MATTHEW MODINE: (As Private Joker) How much?

SOO: (As Da Nang Hooker) Fifteen dollar.

SHUM JR: (Reading) Then a funny thing happened. In 1945, the War Brides Act allowed U.S. soldiers to bring Asian wives to the U.S.

(SOUNDBITE OF FILM, "SAYONARA")

UNIDENTIFIED ACTOR: (As character) And I'm planning to marry a Japanese girl myself.

SHUM JR: (Reading) And Asian femininity entered the mainstream going from prostitutes and concubines to wifeys.

(SOUNDBITE OF TV SHOW, "M*A*S*H*")

JAMIE FARR: (As Maxwell Klinger) I love you, Soon-Lee. Will you marry me?

ROSALIND CHAO: (As Soon-Lee) Yes.

(SOUNDBITE OF MUSIC)

SHUM JR: (Reading) Whereas Asian guys - remember that early ban on single Chinese women?

(SOUNDBITE OF FILM, "FULL METAL JACKET")

SOO: (As Da Nang Hooker) Me so horny.

SHUM JR: (Reading) Well, that law also meant the first Chinese men in the U.S. had almost no Chinese women to marry. And thanks to anti-miscegenation laws in many states, it was illegal to have relationships outside their race, either.
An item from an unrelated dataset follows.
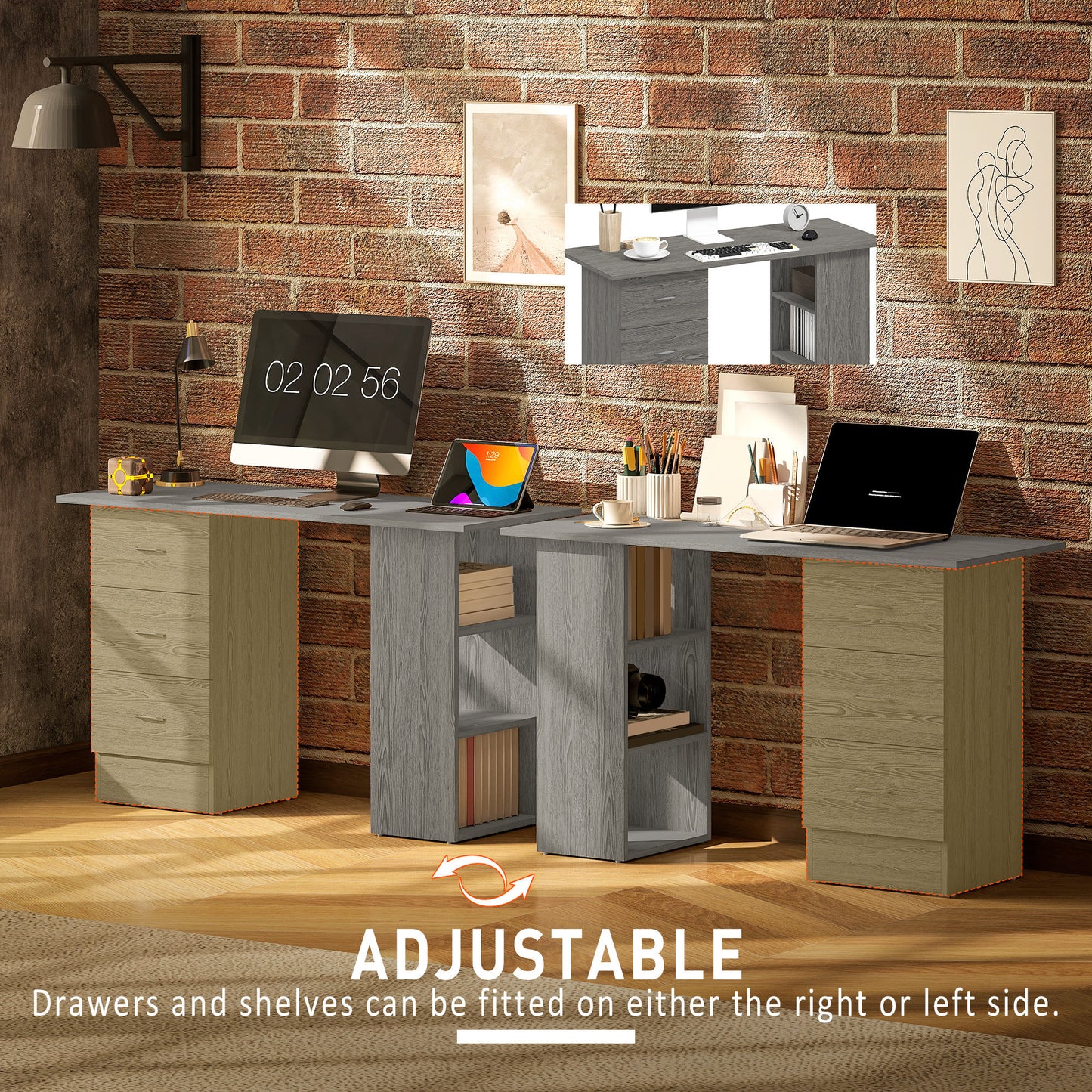 HOMCOM Computer Desk, Writing Table, PC Workstation with 3 Storage Shelves and Drawers, Silver Handle, for Home Office, Grey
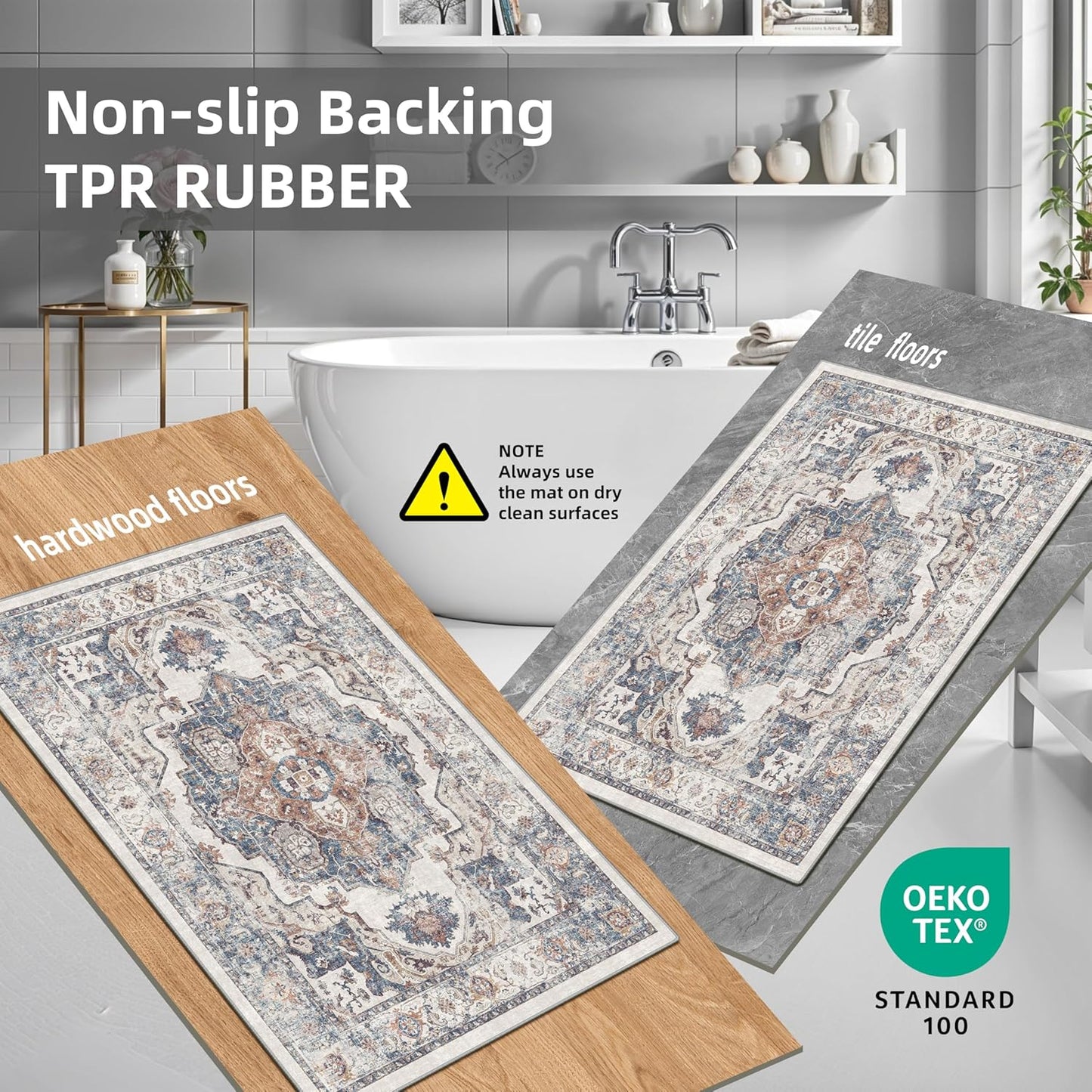 Skiennix Washable Kitchen Rug Set - Boho Non-Slip Soft Mats for Dog Bowl Area | 3 Sizes in Brick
Men lived together because they weren't able to have families.

(SOUNDBITE OF BABY CRYING)

SHUM JR: (Reading) And though the first generation of Asian migrants were mostly manly manual laborers who were villainized in newspapers as sexual predators, later generations were forced take on so-called women's work - washing clothes and laundries, cooks, house boys, domestic servants.

(SOUNDBITE OF ARCHIVED RECORDING)

UNIDENTIFIED PERSON #4: I worked for him for 37 years, and now he's dead. Boo hoo hoo.

SHUM JR: (Reading) So for all intents and purposes, the first Chinese men in this country were legislated to become emasculated...

(APPLAUSE)

SHUM JR: (Reading) ...At least by white, heteronormative standards.

(SOUNDBITE OF FILM, "SIXTEEN CANDLES")

CARLIN GLYNN: (As Brenda Baker) The weird Chinese guy in Mike's room.

SHUM JR: (Reading) It's like cause and effect got flipped. Laws helped create the conditions for Asian-American men to be seen as emasculated. And then those conditions came to define who they were, became the attributes associated with them, especially East Asian men. Then, of course, this sexualized stereotype was sampled and remixed by a white hegemonic popular culture over the years. Like the sexually inept loser a Long Duk Dong from "Sixteen Candles"...

(SOUNDBITE OF FILM, "SIXTEEN CANDLES")

GEDDE WATANABE: (As Long Duk Dong) What's happening, hot stuff?

SHUM JR: (Reading) ...Or "Romeo Must Die," the martial arts take on Romeo and Juliet where the one kissing scene between Jet Li and Aaliyah reportedly got cut because it didn't test well with audiences?

(APPLAUSE)

SHUM JR: (Reading) Or the never ending bad jokes about Asian guys and their penis size which still play at comedy clubs today?

UNIDENTIFIED PERSON #5: Looking at you, Louis C.K.

(SOUNDBITE OF ARCHIVED RECORDING)

LOUIS CK: You know why Asian guys have small dicks? Because they're women - they're not dudes.

(LAUGHTER)

CK: They're all women. All Asians are women.

UNIDENTIFIED PERSON #6: (Laughter) That's f***ed up.

CK: They have big clits - really big clits.

UNIDENTIFIED PERSON #6: (Laughter) That's so f***ed up.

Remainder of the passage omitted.